Entretanto, o epílogo reserva tempo suficiente para mais um potente monólogo de Pedro, talvez o personagem de maior destaque. Já havia cabido a ele, no terceiro episódio, em uma reunião na associação, fazer as perguntas que ilustram a coleção de erros e negligências que culminou na morte de 242 jovens:
— O que eu quero saber é por que nós tá aqui? Mas, bah, porque nossos filhos morreram. Mas por que nossos filhos morreram? O artefato pegou fogo na espuma, o gás envenenou. Mas por quê? Quem comprou? Quem autorizou? Quem vistoriou? Quem deixou nosso filho entrar?

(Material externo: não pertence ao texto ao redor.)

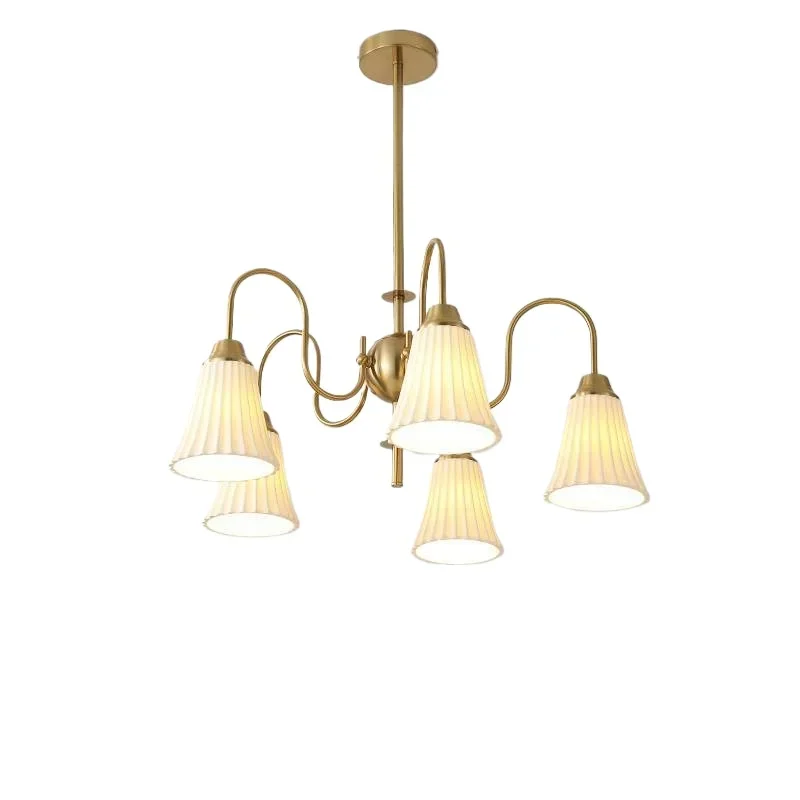 French retro ceramic chandelier Bauhaus cream wind ancient lamp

No último capítulo, o palco é o Superior Tribunal de Justiça (STJ), em Brasília. Em discussão, um recurso para que os quatro réus (os dois donos da boate e dois integrantes da banda que soltou os fogos de artifício) fossem a júri popular — ou seja, se o crime foi doloso. Pedro quebra o protocolo ao se levantar da plateia para fazer um discurso em que sintetiza a história de descaso, ganância e impunidade do país:
— Se um carro derrapa na chuva e bate no outro, é acidente. Mas se um motorista bebe uma garrafa de cana e atropela um pedestre, ele assumiu esse risco. Se um barco vira no mar bravio, é um acidente. Mas quando o dono do Bateau Mouche (em dezembro de 1988) coloca 142 pessoas num barco que tem capacidade para 62, e ele naufraga por excesso de carga, não tem salva-vidas e 55 pessoas morrem, ele assumiu esse risco. Se chove e há um deslizamento, é um acidente. Mas quando o executivo coloca um restaurante no caminho da barragem de Brumadinho, sabendo que tá no caminho da barragem, ela rompe (em janeiro de 2019) e mata todos que estavam dentro, ele assumiu esse risco! Se um dirigente do Flamengo recebe um relatório de alta relevância e grande risco sobre um quadro elétrico num contêiner, e mesmo assim coloca jovens pra dormir no contêiner, há um curto, o contêiner pega fogo e 10 garotos morrem (em fevereiro de 2019), ele assumiu esse risco! Quando um dono de boate superlota essa boate, sem saídas de emergência, sem extintores, com barras de metal impedindo a saída, com espuma tóxica no teto, e, mesmo assim, permite um show pirotécnico... Ou quando um músico de uma banda compra um fogo de artifício de uso externo porque é mais barato, usa dentro da boate, vê que o teto tá pegando fogo e, com o microfone na mão... na mão..., não avisa ninguém dentro da boate, ele assumiu o risco.